How are homeowners supposed to understand certain terminology when they are not part of the industry or if this is your first time buying or selling a home? Do not fret, we have compiled a complete guide of real estate terms so that you can speak the language like a pro.
Appraisal: An appraisal is an unbiased, professional estimate of your home’s value. A licensed and certified appraiser creates a report after walking through your home, comparing it to other homes in the area and using market trends to determine your properties’ appraisal value.
Assessed Value: An assessment is conducted by a public tax assessor to determine the amount of city and state taxes you will pay on the property yearly.
Closing: Closing is the final stage of the selling or buying process. It is a lengthy meeting between the two parties where they fill out legal paperwork to officially transfer the ownership of the home.

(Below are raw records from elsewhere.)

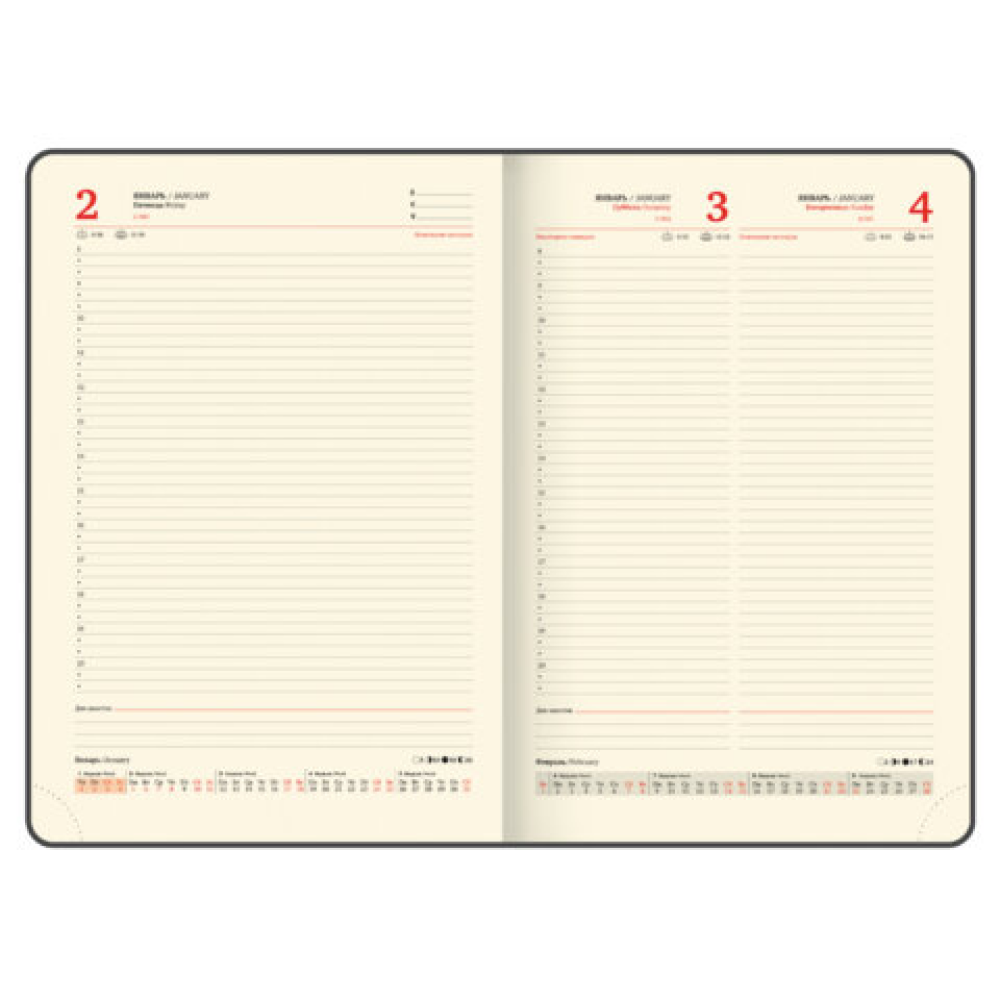 Ежедневник датированный "Iguana" на 2026 год, А4, 336 страницы, синий, срез золотой - 12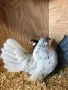Продавам сплаш Розкомб. , снимка 9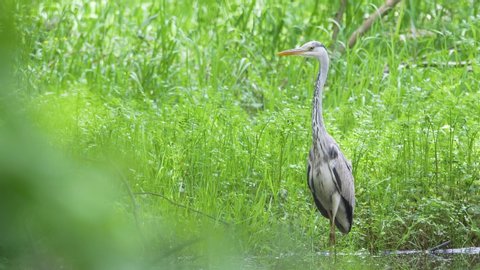 Grey Heron Searching For Fish in Forest Pond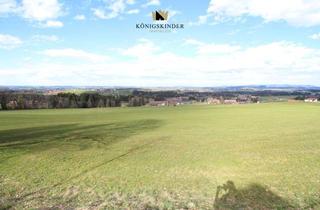 Grundstück zu kaufen in 88161 Lindenberg, Reserviert !Traumgrundstück zur Wohnbebauung !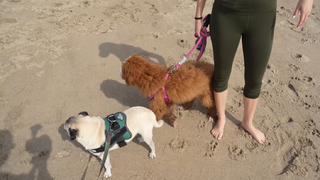 Veronica Merrell-Burriss feet photo thumbnail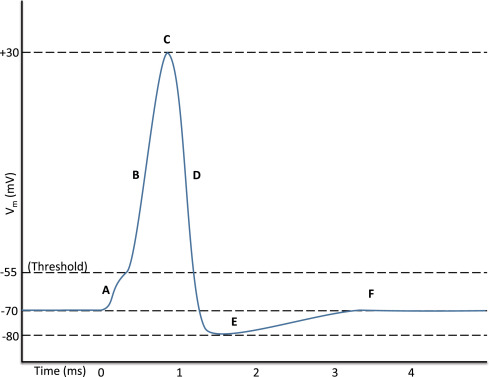 <p><strong>Annotate an oscilloscope trace to show the resting potential, action potential (depolarization and repolarization), threshold potential and refractory period. </strong></p><p></p><p><em>C2.2.10: Oscilloscope traces showing resting potentials and action potentials.</em></p>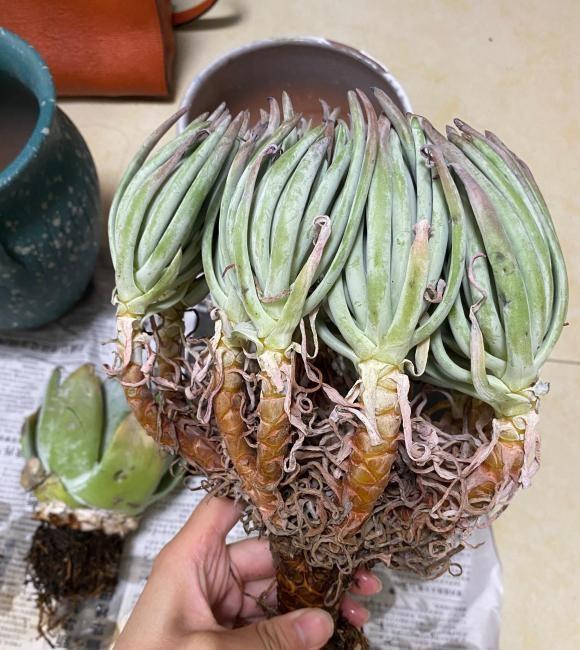 向阳园艺|一分钱一分货，养花要养便宜货？买一堆，还不如买一棵！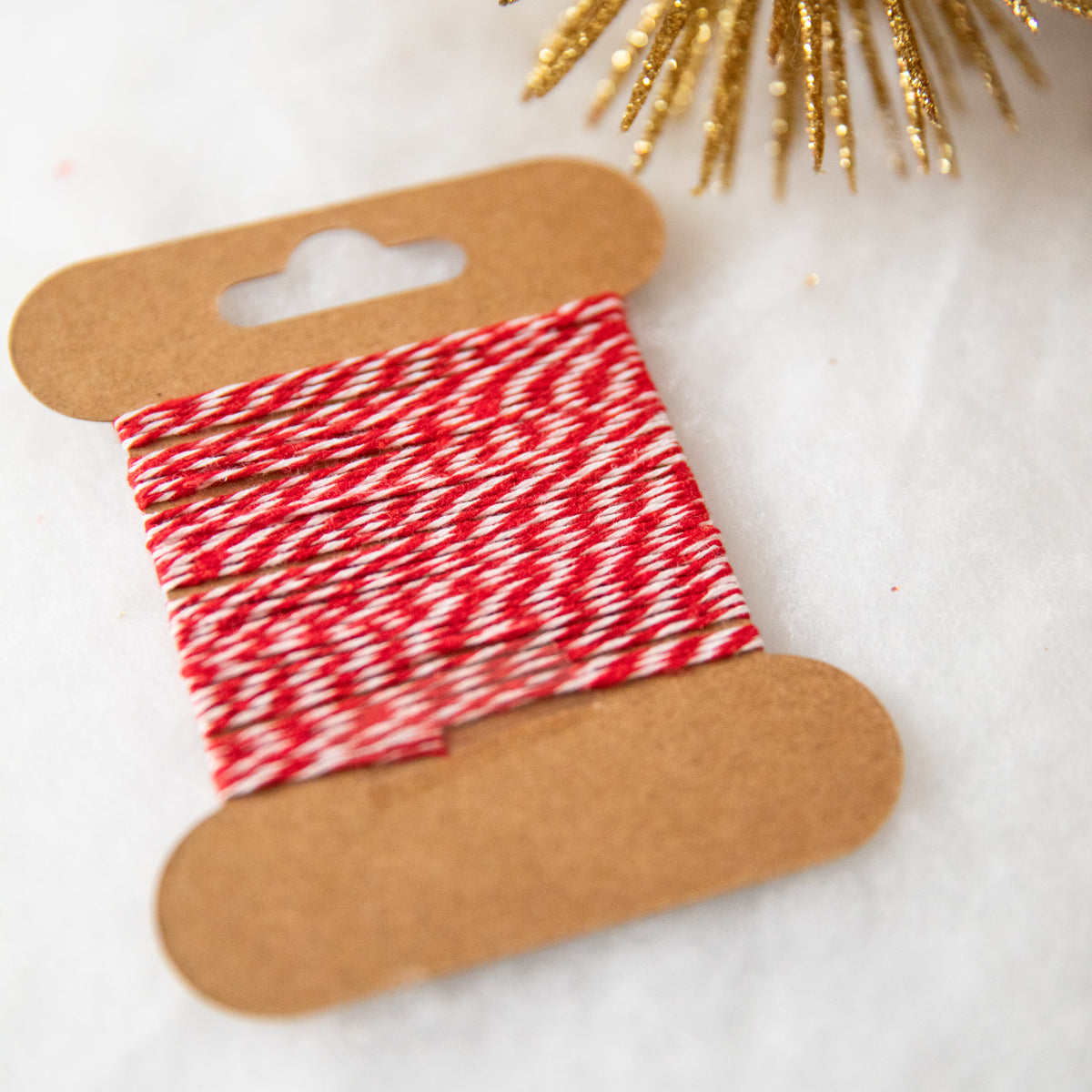 Christmas ASSORTED 10 PACK Gift Tags- 2x3.5" *SALE!!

Closing Cost: There are miscellaneous fees on top of the price of the home. The buyer should expect to pay the additional costs to cover the appraisal, title insurance, credit card, attorney and processing fees. According to Zillow, buyers should budget for an amount that is 1% to 5% of the home’s purchase price.
Contingencies: This term refers to particular conditions that are written into the contract that must be met before closing the real estate transaction. Contingencies can rely on the sale of the buyer’s current home, the approval of the buyer’s loan or the home inspection, ensuring there are no serious defects.

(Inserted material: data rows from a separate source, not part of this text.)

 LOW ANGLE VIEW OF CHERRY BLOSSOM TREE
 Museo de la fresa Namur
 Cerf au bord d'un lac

Due Diligence: A due diligence period is an agreed upon window of time for the buyer to conduct inspections and access the neighborhood before finalizing the sale. This period allows the buyer to fully understand what they are buying. If the buyer does not like what they find, they have this grace period to terminate the offer without any penalty.
Earnest Money: Earnest money is an amount of money put down by a buyer to show that they are serious about purchasing the home. This is sometimes referred to as “good faith deposit” and is applied to the buyer’s down payment or closing cost if the sale works out. An earnest money deposit is not required, but it can increase your likelihood of securing the property.
Escrow: When a home is in escrow, a neutral third party is holding onto the funds during the final transaction. The escrow account is funded by the buyer’s mortgage payment. This protects both parties by ensuring that everyone will get that they are due at essentially the same time. During the closing of escrow, the purchase is completed and the funds will be distributed to the proper party.
Equity: Equity is the difference between your home's market value and the amount you owe on the mortgage. The amount leftover is the amount of equity you have. Say the market value of your home is $300,000 and you owe $50,000 on the mortgage. Your equity, and what you will take home after the sale, is $250,000.
Mortgage: A home mortgage is a loan given by the bank or mortgage company for the purchase of your home. These loans have fixed or floating interest rates and span from three to 30 years. After you pay off your mortgage, you will receive the title of your home.
Offer: When a buyer is ready to purchase a house, they will make a formal offer on it. The seller may accept the offer, reject it or make a counteroffer.
Under Contract: When a home is under contract, a buyer has made an offer, and the seller accepted it, but the sale has not been finalized. Before the sale can be finalized, all contingencies must be met.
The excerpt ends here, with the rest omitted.